I originally wrote this post as I hurtled along a motorway in a van somewhere in Poland, on a seven-hour drive to a music festival that TesseracT is performing at. We finished last night’s headline show at 1 am and the lobby call was 6 am – and on this exhausting run of shows, this is considered good sleep/recovery.
Last night I played a show while feeling really quite sick. I’ve felt sick for a couple of days and seriously considered pulling out of the show, having told the rest of the band yesterday morning that it was pretty unlikely I’d be able to perform.
This industry isn’t like other industries though – ‘go home and rest / sick days‘ don’t exist in this job. So I did the only thing I could do – I took a cocktail of paracetamol and ibuprofen, drank an ocean’s worth of water, got on the honey+lemon+ginger, and pushed through the physical and mental pain barriers.
The hard truth is that we can not afford to miss a single show on this run. A single missed show on this run sets us back by €$£ thousands.
We are starting this tour out in the red – meaning, we know this run of shows is costing us more than we’re making. We have to do this though to keep our name on the festival posters. We’re approaching five years since the last album release and Covid – 2 years+ of no touring – really messed up the industry. Taking a loss on these shows now helps us improve our chances of higher future fees and better festival placements.
The only way this tour (or any tours) becomes profitable in the short term is if we manage to sell enough merch – so please go grab something from our merch stores (UK/Europe store | US Store) – seriously, that will help us out a lot!

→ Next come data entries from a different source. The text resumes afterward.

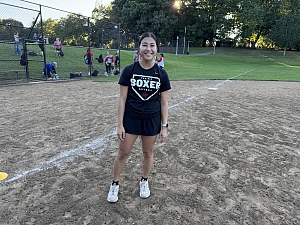 Player Of The Game: Jill U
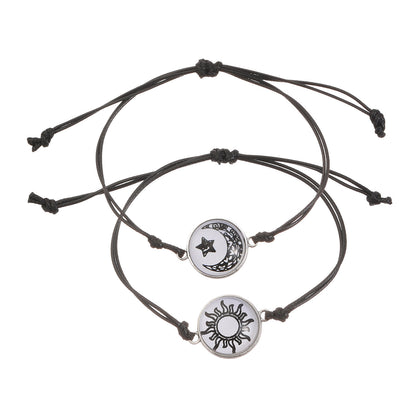 Luminous Gem Bracelets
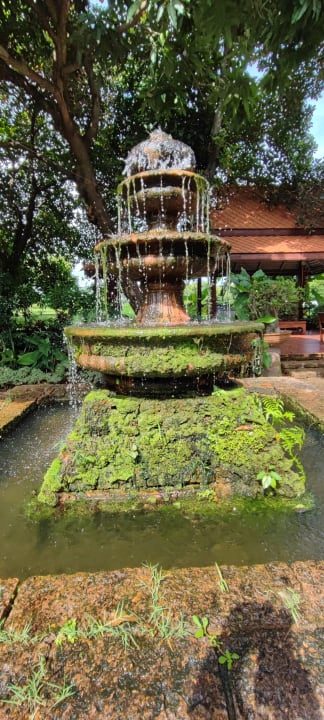 Gartenanlage Baan Lhang Wangh บ้านหลังวัง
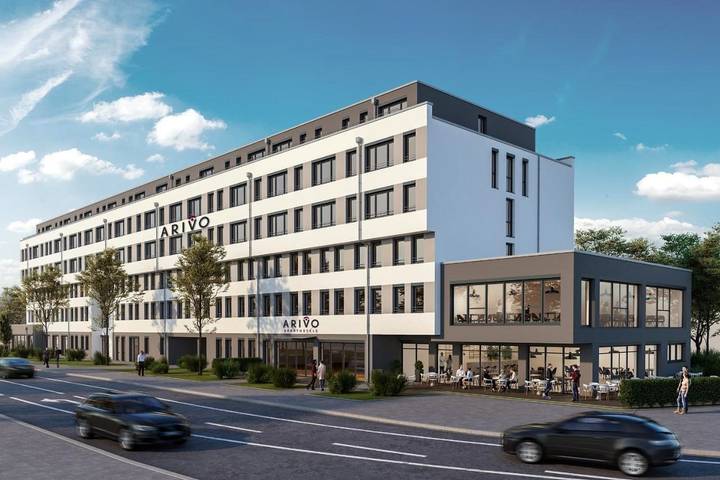 Ferienhaus für 2 Personen, mit Balkon und Terrasse sowie Garten und Ausblick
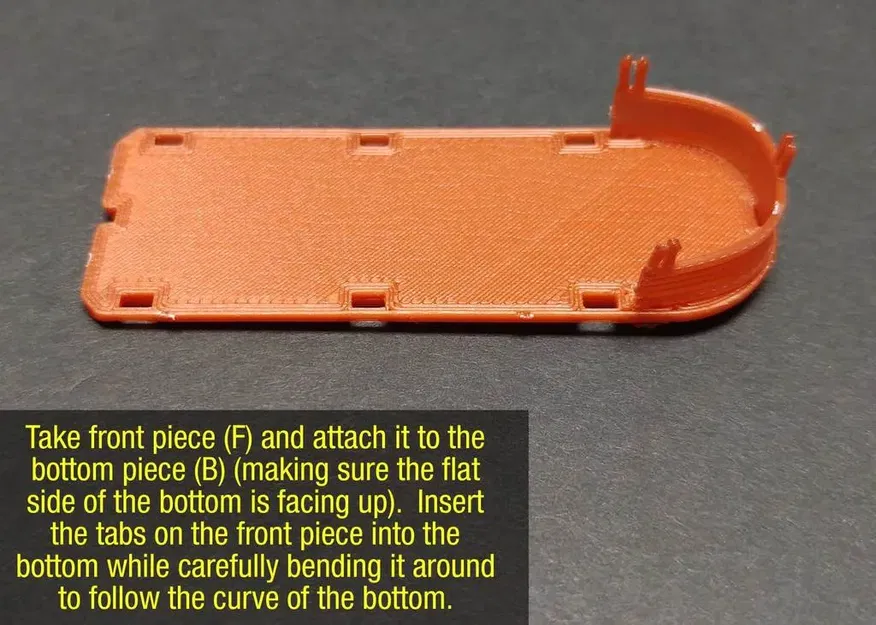 Mô hình Landspeeder từ Star Wars cho máy in 3D - Image 19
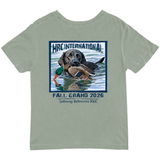 Fall Grand 26 Ladies S/S T-shirt - Gateway Retriever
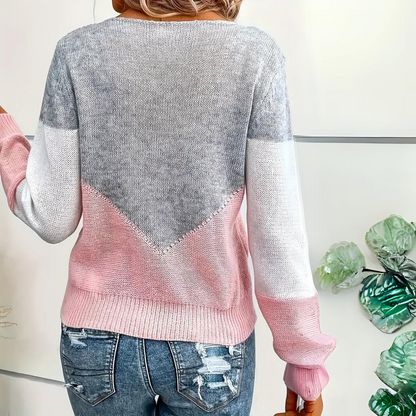 Blake - Casual Knit Sweater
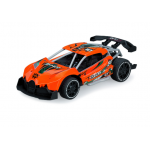 Masinuta sport RS Toys cu radiocamanda robusta cu amortizare si 7 functii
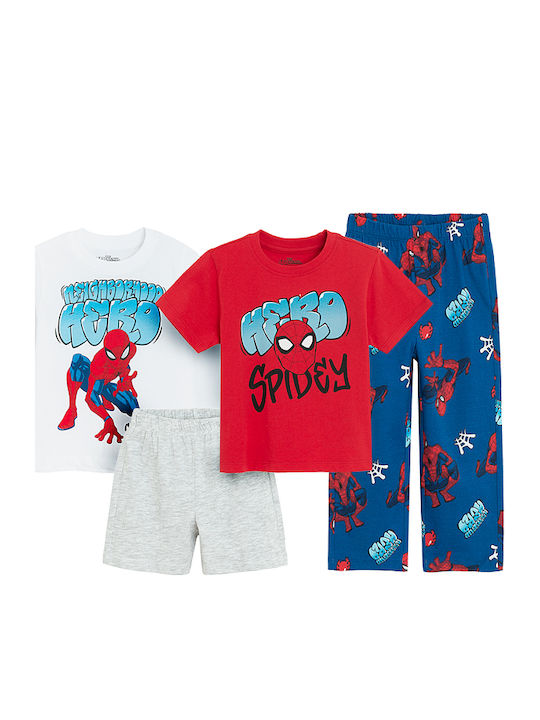 Cool Club Pijamale Copii Vara Multicolore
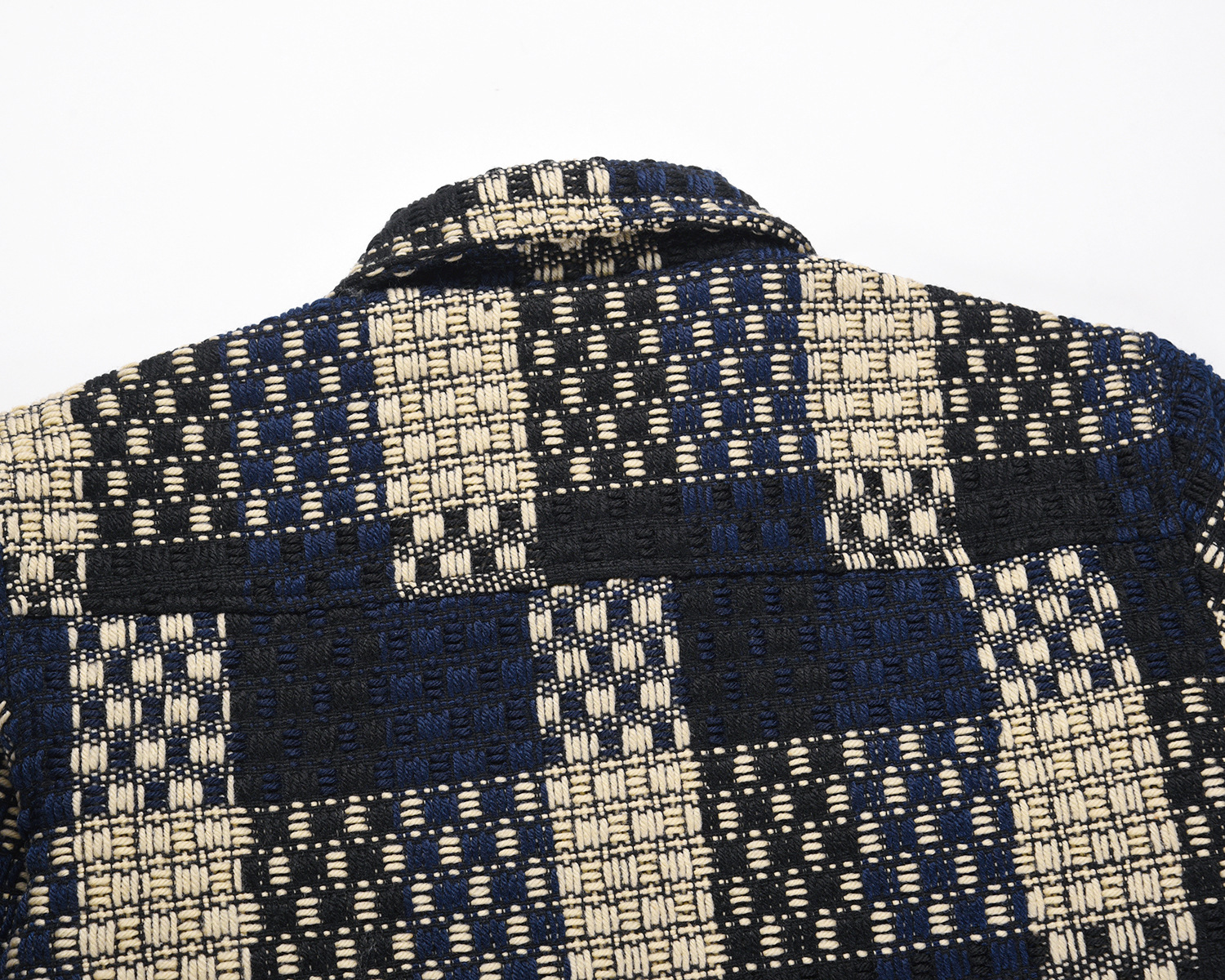 Vintage bomber jacket with multiple jacket
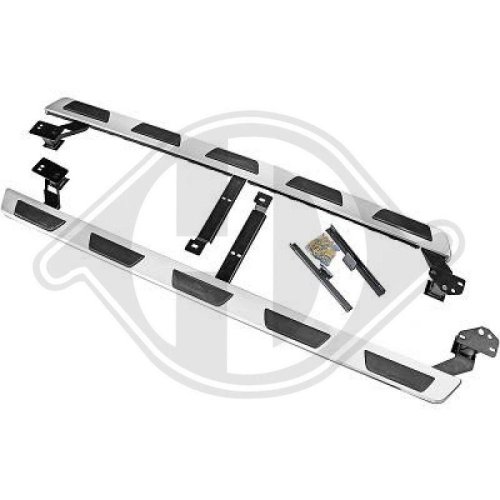 DIEDERICHS Estribo HD Tuning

I can’t help thinking back to our first tour on a bus back in 2014 – and naively thinking to myself that we’d ‘made it’ – we were on a tour bus in Europe, which is literally the most comfortable way to tour.

Bands tour on buses because the shows are typically spaced out geographically so the only reasonable way to do them all is to drive through the night. The buses typically have comfortable bunks for the band and crew to sleep in, a kitchen, a bathroom, etc, and a driver, sometimes two, who’s job it is to drive you safely through the night to the next city.
The tour we’re on right now, eight years later, should be a bus tour, there’s no doubt about it. The distance between each show is significant. But we’re not on a bus. We’re split across two vans because there are no available buses. They’re all booked by other bands, or out of our budget.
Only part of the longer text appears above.